Numerous miniseries were produced for children in the 1970s–1980s. Among them are The Adventures of Buratino (1976)—an adaptation of The Golden Key, or the Adventures of Buratino by Alexey Tolstoy, which in turn is a retelling of The Adventures of Pinocchio by Carlo Collodi; The Adventures of the Elektronic (1979); and Guest from the Future (1985).
After the dissolution of the Soviet Union in 1991, Russian television experienced a period of privatization and liberalization. Starting from the 2000s, a resurgence of book adaptations took place, such as The Idiot (2003)—an adaptation of the novel by Fyodor Dostoyevsky, and The Master and Margarita (2005)—an adaptation of the novel by Mikhail Bulgakov.
Brazil
In Brazil, the Rede Globo television network commenced the production of miniseries with the transmission of Lampião e Maria Bonita,[32] written by Aguinaldo Silva and Doc Comparato and directed by Paulo Afonso Grisolli, and broadcast in 1982 in eight episodes.[33][34]
Australia
The first locally produced miniseries in Australia was Against the Wind, which aired in 1978.[35] Over one hundred miniseries were produced in Australia over the next decade.[36] Historical dramas were particularly popular with Australian audiences during this period.[citation needed] Between 1984 and 1987, 27 out of a total of 34 Australian-made miniseries had historical themes.[37] Some notable examples included The Dismissal, Bodyline, Eureka Stockade, The Cowra Breakout, Vietnam, and Brides of Christ. The narratives of these miniseries often followed one or two fictionalized individuals in the context of actual historical events and situations.[38] Literary adaptations were also popular, with notable examples including A Town like Alice, A Fortunate Life, The Harp in the South, and Come in Spinner.
The 1983 miniseries Return to Eden was Australia's most successful to date, with over 300 million viewers around the world. It has been described as "the best Australian example of the melodramatic miniseries".[39][40]

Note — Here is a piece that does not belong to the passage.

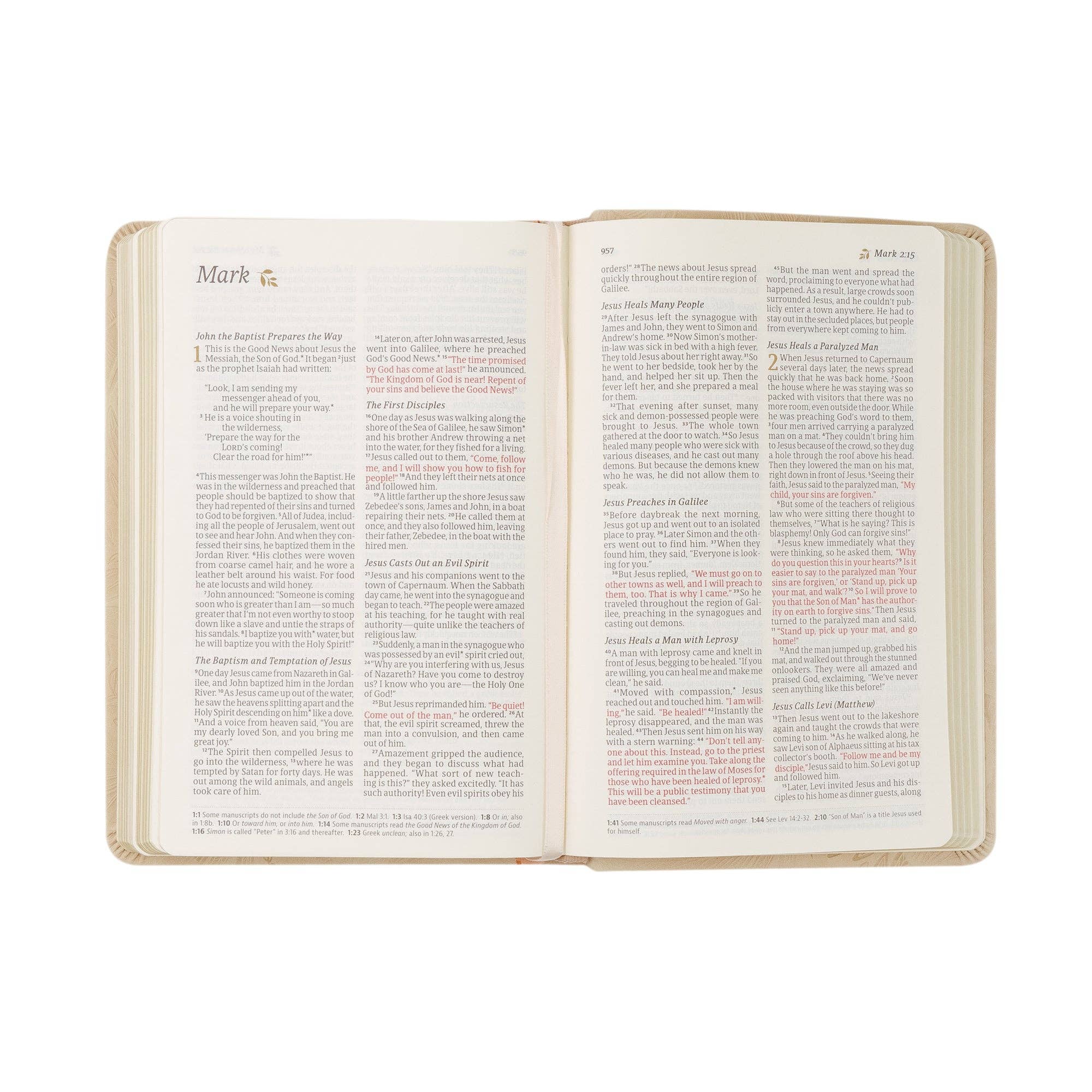 Hosanna Revival – wholesale Religion book – NLT Compact Bible: Sonora Theme5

The number of Australian-made miniseries declined in the 1990s, and many of those that were produced had more of an "international" focus, often starring American or British actors in leading roles and/or being filmed outside of Australia.[36] Some notable examples included The Last Frontier, Which Way Home, A Dangerous Life, Bangkok Hilton, and Dadah Is Death.
Popularity
The eighteen-hour 1983 miniseries The Winds of War was a ratings success, with 140 million viewers for all or part of the miniseries, making it the most-watched miniseries up to that time.[41] Its 1988 sequel War and Remembrance won for best miniseries, special effects and single-camera production editing, and was considered by some critics the ultimate epic miniseries on the American television.[24] However, it also signalled the start of the format's decline, as the $105 million production was a major ratings flop; the advent of VCR and cable television options was responsible for the decrease of length and ratings of most miniseries that continued into the mid-1990s.[24] By 1996, the highest-rated miniseries of the winter season garnered a 19 rating, less than the rating average of 22 of that same season's top-rated regular series.[24]

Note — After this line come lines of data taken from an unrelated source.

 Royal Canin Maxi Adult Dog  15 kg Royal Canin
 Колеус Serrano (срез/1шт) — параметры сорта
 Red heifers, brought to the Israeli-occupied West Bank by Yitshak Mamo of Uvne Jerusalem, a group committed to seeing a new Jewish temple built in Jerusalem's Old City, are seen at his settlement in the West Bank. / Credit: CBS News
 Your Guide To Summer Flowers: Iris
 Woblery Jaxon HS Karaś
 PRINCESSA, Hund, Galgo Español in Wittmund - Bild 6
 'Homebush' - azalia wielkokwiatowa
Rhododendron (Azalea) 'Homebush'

In Egypt, the 1980s and 1990s was the golden age of television miniseries attracting millions of Egyptians. For example, The Family of Mr Shalash miniseries starring Salah Zulfikar was the highest rated at the time.[42]
In the 21st century, the format made a comeback on cable television and became popular on streaming services. History, for example, has had some of its greatest successes with miniseries such as America: The Story of Us, Hatfields & McCoys and The Bible,[citation needed] Political Animals by USA Network was honored with a Critics' Choice Television Award for Most Exciting New Series award, while HBO's Big Little Lies (which was eventually renewed for a second season) won eight Emmy awards.[43]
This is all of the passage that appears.